Parallel zur militärischen Expansion wurden erste kirchliche Strukturen auf den Inseln etabliert:

  • 1404 entstand auf Lanzarote das erste Bistum: San Marcial del Rubicón.
  • 1424 folgte das Bistum Telde auf Gran Canaria – allerdings blieb es rein theoretisch.
  • 1486 wurde mit dem Bistum Canarias in Las Palmas schließlich eine dauerhafte und institutionell verankerte Diözese eingerichtet.
  • 1819 kam mit dem Bistum San Cristóbal de La Laguna auf Teneriffa eine zweite Diözese hinzu – zur besseren Organisation kirchlicher Aufgaben.

Diese Entwicklung verdeutlicht, dass die kirchliche Integration nicht nur eine Begleiterscheinung, sondern ein zentraler Bestandteil der kolonialen Ordnung war.

Folgen für die indigene Bevölkerung

Für die Ureinwohner der Kanaren – die Guanchen, Bimbaches und andere Gruppen – bedeutete die europäische Eroberung tiefgreifende Umbrüche.

Ihre gesellschaftlichen Strukturen wurden zerschlagen, viele Menschen versklavt, getauft oder zwangsumgesiedelt. Der Widerstand, etwa auf Teneriffa, wurde mit Gewalt gebrochen.

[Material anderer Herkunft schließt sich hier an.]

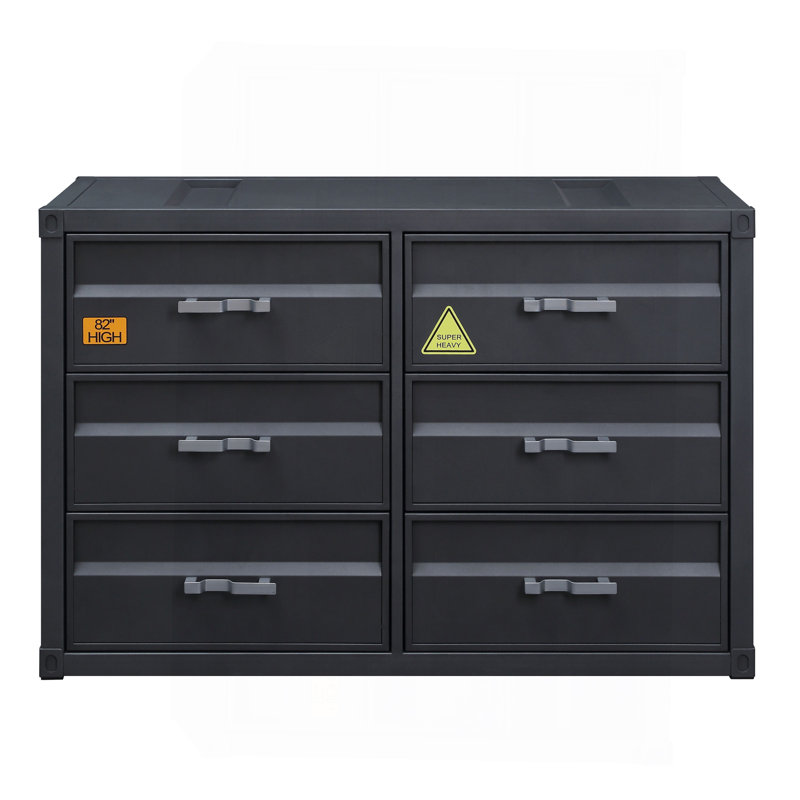 Cargo Gunmetal Finish Dresser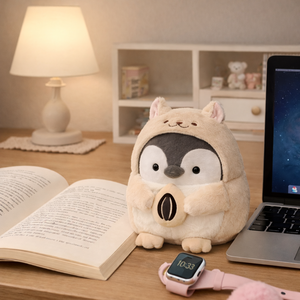 Peluche de Pingüino Rosa de 8 Pulgadas con Semillas de Girasol, Cojín y Almohada para Niños, Relleno de Algodón PP, Unisex, para Niños de 2 a 4 Años - Product Image 1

Zwar hinterließen sie Spuren in der Kultur und Sprache der heutigen Bevölkerung, doch viele ihrer Traditionen gingen unwiederbringlich verloren.

Die Mission, so religiös sie auch formuliert war, bedeutete letztlich eine umfassende kulturelle Entwurzelung.

Ein Vorbote kolonialer Globalisierung

Die mittelalterliche „Wiederentdeckung“ und spätere Eroberung der Kanarischen Inseln war kein singuläres Ereignis, sondern Teil eines umfassenden Wandels im europäischen Weltbild.

Die Rolle des Papsttums, die Konflikte zwischen den Monarchien und die religiöse Begründung für territoriale Expansion zeigen eindrücklich, wie sehr Glaube, Macht und geopolitische Interessen miteinander verflochten waren.

Die Kanaren wurden zu einem frühen Schauplatz jener Mechanismen, die später auch in Amerika und Afrika zum Tragen kamen – mit vergleichbaren Konsequenzen für Kultur, Bevölkerung und Geschichte.

Weiterführende Literatur und Quellen

  • Horst Sigl: Kirche und Kolonialismus. Die Missionierung der Kanarischen Inseln im 14. und 15. Jahrhundert, Stuttgart 1993.
  • James Muldoon: The Spiritual Crusade and the Discovery of the New World, Philadelphia 1977.
  • Felipe Fernández-Armesto: Before Columbus. Exploration and Colonization from the Mediterranean to the Atlantic 1229–1492, University of Pennsylvania Press, 1987.
  • Ricardo Martínez: El litigio entre Portugal y Castilla por las Islas Canarias, Revista de Historia Canaria, 1990.